Car, dans ses écrits tapés du bout des pouces, Thomas Schmid donne l’impression d’une complète dévotion à Sebastian Kurz. Dans une référence à la garde rapprochée des empereurs antiques, il affirme être «l’un des [ses] prétoriens» qui «résout [ses] problèmes» et se qualifie même d’«esclave galérien» au service du jeune conservateur. Diplômé en droit et sciences politiques, Schmid était, à partir de 2013, chef de cabinet puis secrétaire général au ministère des Finances.

Alors que Sebastian Kurz, devenu ministre des Affaires étrangères cette même année 2013, commençait à intriguer pour devenir chancelier, le dévoué secrétaire général aux Finances se serait avéré très utile. Il aurait non seulement détourné des fonds de son ministère, mais aussi distribué faveurs et postes en vue, allant jusqu’à intervenir auprès du fisc à la demande d’alliés du jeune politicien. En 2019, Schmid est finalement nommé à la tête d’une holding publique par le gouvernement, entre-temps dirigé par Kurz. Récompense pour ses loyaux services ? A ce poste, il perçoit un salaire très élevé jusqu’à sa démission, lorsque le scandale éclate en juin 2021.

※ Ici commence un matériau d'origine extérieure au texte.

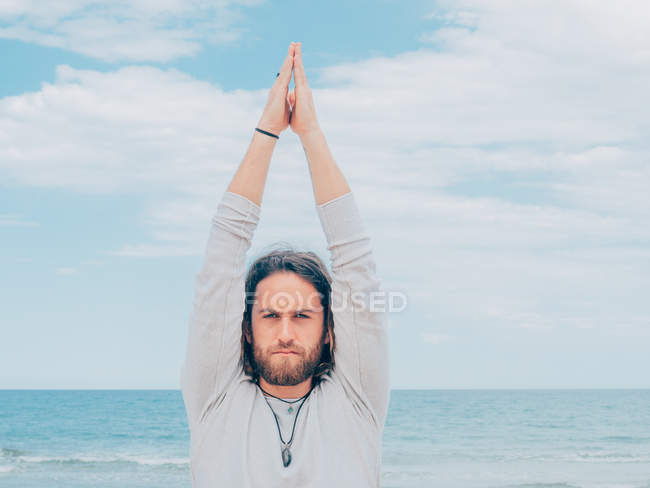 Sportif homme barbu formation sur le bord de mer tranquille et faire du yoga asana contre la mer bleue et le ciel — Photo de stock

Les derniers secrets de Thomas Schmid n’ont pas encore été révélés. Dans la version de sa déposition rendue publique, les enquêteurs ont barré de noir de larges pans, signe qu’ils suivent des pistes qui doivent encore rester confidentielles. L’Autriche peut s’attendre à de nouveaux rebondissements politiques dans les mois à venir. Ils pourraient secouer le Nationalrat dès ce jeudi.